ASSIGNMENT:
Look below for the line containing "Feizy Nolan 39Cdf Red/Blue Rugs.". Output it and each remaining line of the entries exactly, and nothing else.

==== DATASET

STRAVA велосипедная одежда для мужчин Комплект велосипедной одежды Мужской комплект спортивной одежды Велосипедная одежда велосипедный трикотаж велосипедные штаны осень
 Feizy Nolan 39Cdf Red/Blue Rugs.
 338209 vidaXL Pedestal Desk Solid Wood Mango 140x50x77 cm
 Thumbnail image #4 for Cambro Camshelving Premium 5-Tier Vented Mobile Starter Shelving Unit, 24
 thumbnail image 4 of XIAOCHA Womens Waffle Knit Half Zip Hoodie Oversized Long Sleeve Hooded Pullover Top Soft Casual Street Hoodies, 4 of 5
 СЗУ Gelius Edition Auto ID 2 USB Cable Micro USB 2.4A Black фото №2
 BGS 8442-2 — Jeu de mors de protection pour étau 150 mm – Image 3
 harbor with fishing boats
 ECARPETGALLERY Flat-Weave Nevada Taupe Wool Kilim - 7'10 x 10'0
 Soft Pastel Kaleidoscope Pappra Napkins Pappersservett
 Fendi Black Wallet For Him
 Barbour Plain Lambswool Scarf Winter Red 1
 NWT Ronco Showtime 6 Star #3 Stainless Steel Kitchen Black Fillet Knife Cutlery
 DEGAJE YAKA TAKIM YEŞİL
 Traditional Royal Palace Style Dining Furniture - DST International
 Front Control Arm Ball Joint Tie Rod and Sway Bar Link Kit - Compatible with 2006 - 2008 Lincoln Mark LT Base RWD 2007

========

RESULT OF THE EXERCISE:
 Feizy Nolan 39Cdf Red/Blue Rugs.
 338209 vidaXL Pedestal Desk Solid Wood Mango 140x50x77 cm
 Thumbnail image #4 for Cambro Camshelving Premium 5-Tier Vented Mobile Starter Shelving Unit, 24
 thumbnail image 4 of XIAOCHA Womens Waffle Knit Half Zip Hoodie Oversized Long Sleeve Hooded Pullover Top Soft Casual Street Hoodies, 4 of 5
 СЗУ Gelius Edition Auto ID 2 USB Cable Micro USB 2.4A Black фото №2
 BGS 8442-2 — Jeu de mors de protection pour étau 150 mm – Image 3
 harbor with fishing boats
 ECARPETGALLERY Flat-Weave Nevada Taupe Wool Kilim - 7'10 x 10'0
 Soft Pastel Kaleidoscope Pappra Napkins Pappersservett
 Fendi Black Wallet For Him
 Barbour Plain Lambswool Scarf Winter Red 1
 NWT Ronco Showtime 6 Star #3 Stainless Steel Kitchen Black Fillet Knife Cutlery
 DEGAJE YAKA TAKIM YEŞİL
 Traditional Royal Palace Style Dining Furniture - DST International
 Front Control Arm Ball Joint Tie Rod and Sway Bar Link Kit - Compatible with 2006 - 2008 Lincoln Mark LT Base RWD 2007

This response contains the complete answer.